- [Collected material]
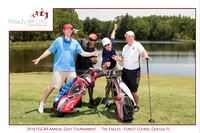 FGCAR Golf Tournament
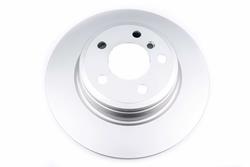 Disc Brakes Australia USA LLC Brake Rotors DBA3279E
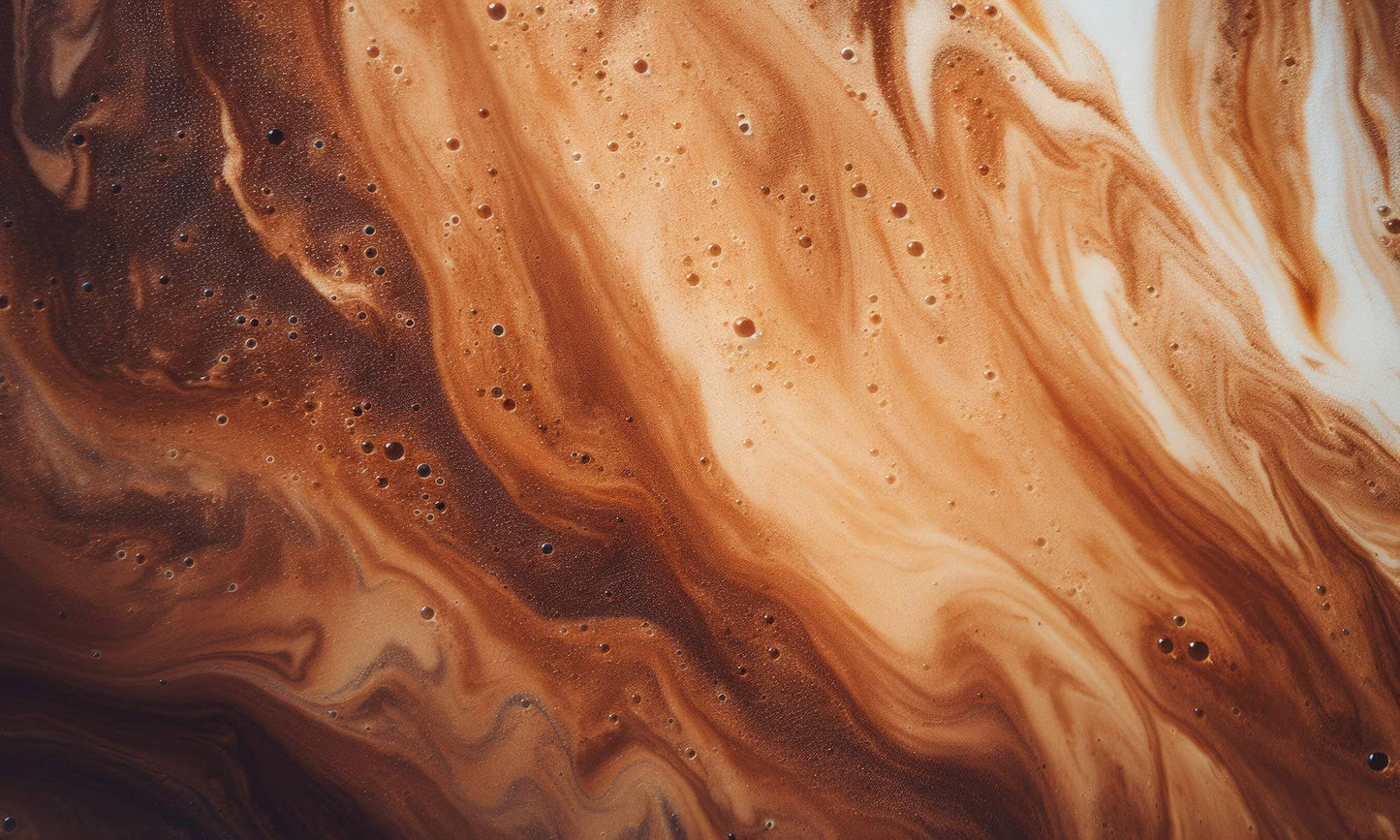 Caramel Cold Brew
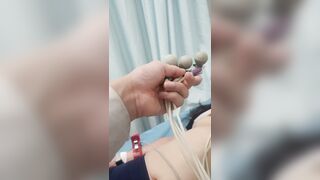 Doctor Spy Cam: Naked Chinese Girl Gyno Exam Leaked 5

- [Task item]
The whole listing above must be returned exactly as written, with no pictures carried over.

- [Your solution]
 FGCAR Golf Tournament
 Disc Brakes Australia USA LLC Brake Rotors DBA3279E
 Caramel Cold Brew
 Doctor Spy Cam: Naked Chinese Girl Gyno Exam Leaked 5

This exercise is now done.